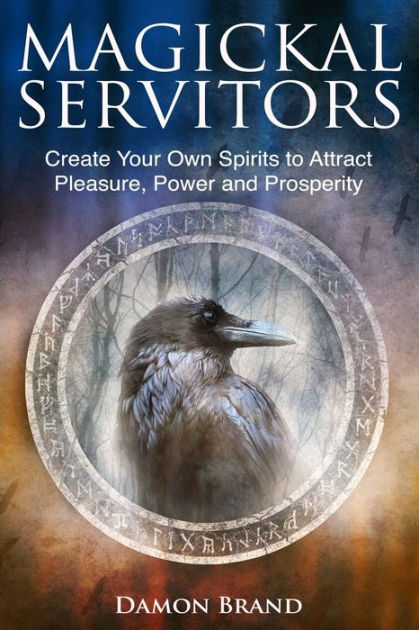 Magickal Servitors Create Your Own Spirits To Attract Pleasure Power And Prosperity By Damon Brand Paperback Barnes Noble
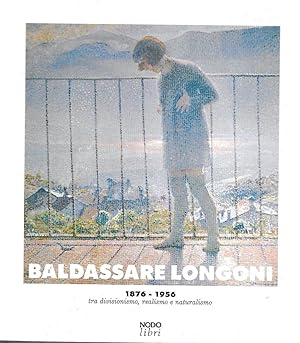 Imagen del vendedor de Baldassare Longoni 1876-1956 tra divisionismo, realismo e naturalismo a la venta por Messinissa libri
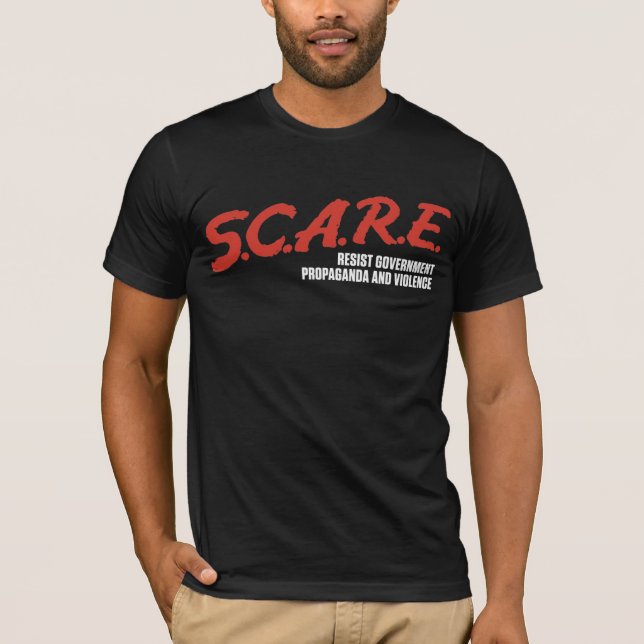 S.C.A.R.E widerstehen Regierungs-Shirts T-Shirt (Vorderseite)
* * * * *
- Problem: Apart from the pictures, restate all of the listing above exactly.

- Answer box:
 Magickal Servitors Create Your Own Spirits To Attract Pleasure Power And Prosperity By Damon Brand Paperback Barnes Noble
 Imagen del vendedor de Baldassare Longoni 1876-1956 tra divisionismo, realismo e naturalismo a la venta por Messinissa libri
 S.C.A.R.E widerstehen Regierungs-Shirts T-Shirt (Vorderseite)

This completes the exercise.